La straripante e vendicativa Perele è la protagonista de “La moglie del rabbino” di Chaim Grade, storico rivale di Isaac Singer nell’ambito della letteratura yiddish. Uno spaccato della Lituania ebraica tra le due guerre mondiali
Sono serviti quarantacinque anni perché Chaim Grade, che gode di grande considerazione nel mondo e per certi versi di venerazione negli Stati Uniti, fosse tradotto in italiano. Merito di Giuntina che l’ha affidato ad Anna Linda Callow, autrice per Garzanti de La lingua che visse due volte, Fascino e avventure dell’ebraico. Controversa e vendicativa, ne La moglie del rabbino (213 pagine, 18 euro), primo romanzo di Grade proposto in italiano (con glossario di yiddish in appendice), emerge un personaggio femminile di rara forza, Perele. Donna straripante, che non si arrende al destino che decide in vece sua e fa di tutto per tornare a piegarlo alla sua volontà, seppure a distanza di parecchio tempo. Chissà, forse una donna forte ispirata anche dalla moglie dell’autore, Imma, che lo teneva in pugno, gelosissima, lo costringeva a rare telefonate, solo in sua assenza, per i brevi momenti che trascorreva fuori casa. Fu lei, in qualche modo, ad allontanarlo dal mondo, figurarsi dallo star-system letterario. A differenza di Isaac Singer, che quattro anni dopo la pubblicazione de La moglie del rabbino, vinse il Nobel in barba al grande rivale, che per molti era il campione dell’yiddish, e alla di lui consorte. Nonostante una prosa che stilisticamente non ha nulla da invidiare a Singer, anzi che appare più cesellata, più raffinata…
Ambiziosa e manipolatrice
Scomparso nel 1982, Chaim Grade è stato il cantore della Lituania ebraica, presente anche in questo suo romanzo, ambientato fra le due guerre mondiali. Cresciuta in una famiglia di rabbini, Perele è, a suo modo, una donna di potere e molto ambiziosa, dal carattere di acciaio, a cui fa male essere esclusa dagli studi, che erano solo cosa da uomini. Dopo aver sognato di sposare un rabbino destinato a una brillante carriera, deve ripiegare su un altro di provincia (Uri Zvi Kenigsberg), buono e intelligente, ma per nulla ambizioso, che farà fatica a riportare in città, per mettere a segno una vendetta – senza remore, senza compassione – attesa a lungo, ai danni di quello che era il suo promesso sposo, poi sposo mancato, il geniale Moshe Mordechai Ayznshtat. Come lei di illustri natali, ma senza di lei per la vita, dopo averla respinta alla vigilia delle nozze. Si incontrano di nuovo da anziani e lei non si tirerà indietro, con suoi «freddi, intelligenti occhi indagatori». Tenace e manipolatrice, senza scrupoli, l’antieroina di Grade, tenuta a bada solo dalla figlia Serel, non può che suscitare sentimenti ambivalenti nei lettori: una così abile spregiudicata burattinaia si ama o si odia.

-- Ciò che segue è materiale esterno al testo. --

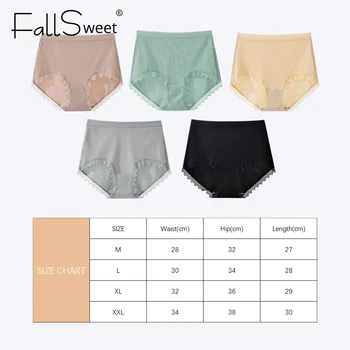 FallSweet 3 ks/ veľa ! Vysoký Pás Nohavičky Bavlnené spodné Prádlo Ženy Čipky Bielizeň Femme Sexy Nohavičky M až XXL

Sguardo più concreto e meno mistico
Per quante affinità ci siano, a livello di atmosfere e psicologie, con le storie e i personaggi dei Singer, in Grade c’è uno sguardo più concreto e razionale sulle cose del mondo, meno mistico, proprio dell’ebraismo lituano. Rabbini più eruditi che devoti affollano le pagine di questo romanzo: e in mezzo, suo malgrado si ritroverà anche il marito di Perele, costretto in città a prendere posizione con i suoi sermoni, in mezzo ai dissidi delle correnti religiose ebraiche. E pensare che, per tornare alla donna forte dell’esistenza di Grade, fino alla morte della moglie, avvenuta ventotto anni dopo quella dello scrittore, erano vietate traduzioni e nuove pubblicazioni. Oggi, invece, opere e archivio dello scrittore yiddish sono di nuovo disponibili e l’auspicio è che anche in italiano la sua bibliografia si arricchisca.